The commitment is not a count-the-values rule. A predicate can take many values ([[Seed Stage]], [[Growth Stage]], [[Mature Stage]]) and still answer one question (what lifecycle stage?). The discipline is about the question, not the cardinality of the answer. A predicate with three values along one axis is atomic; a predicate with two values spanning two axes is not. The recurring craft move that performs the refactor when an overloaded predicate is discovered in the wild is [[Refactor the Predicate's Axes]].

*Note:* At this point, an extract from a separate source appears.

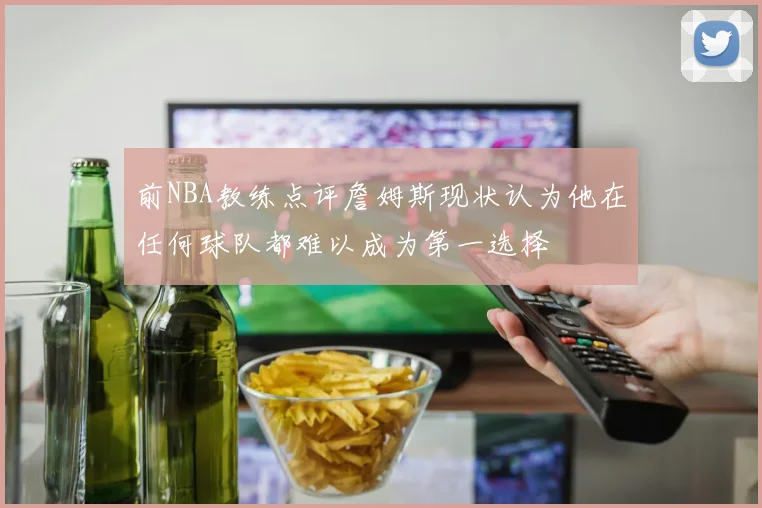 前NBA教练点评詹姆斯现状认为他在任何球队都难以成为第一选择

Deprecations become part of the graph. Retired overloaded predicates do not vanish; they land in the "deliberately not used" section of the conventions document with a pointer to the family that replaced them. The deprecation record is how the graph carries the history of its predicate atomicity work, and it protects future contributors from reintroducing the same overload under a new name.
Alternatives Considered
Tolerate overloaded predicates with runtime disambiguation. Allow predicates to carry multiple axes and expect readers or tools to sort the clusters at query time. Rejected because runtime disambiguation requires that every reader know how to split the axes, and that knowledge is not expressible in the predicate itself. The reader is left auditing the author's intent on every match. The cost compounds: a single overloaded predicate is tolerable, three overloaded predicates composing in a query produces matches whose meaning no reader can reconstruct without reading each cited node's full body.

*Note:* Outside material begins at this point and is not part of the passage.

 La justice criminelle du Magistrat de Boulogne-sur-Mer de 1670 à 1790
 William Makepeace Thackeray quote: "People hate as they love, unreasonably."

Revise the overloaded name rather than split. Keep one predicate but rename it to signal the overload (has_combined_status:: for lifecycle-plus-curation). Rejected because the overload persists — the rename makes the predicate more honest about its sin without fixing it. Filtering on the renamed predicate still returns nodes whose value means multiple things; the reader still audits each match.
Global fixed vocabulary. Define the predicate set in advance, schema-style, and require contributors to use only the predefined predicates. Rejected because the convention is specifically designed to let contributor vocabulary stay local-dialect and emergent. Fixed vocabularies prevent introducing overloaded predicates but also prevent the contributor diversity the graph depends on; the discipline needs to live at the authoring moment, not at the schema layer. The relates_to:: case is the forcing example — the overload was introduced organically, and the fix is a specific-predicate family introduced as contributors needed it, not a vocabulary locked in advance.
What Would Change It
Two classes of condition would prompt revisit.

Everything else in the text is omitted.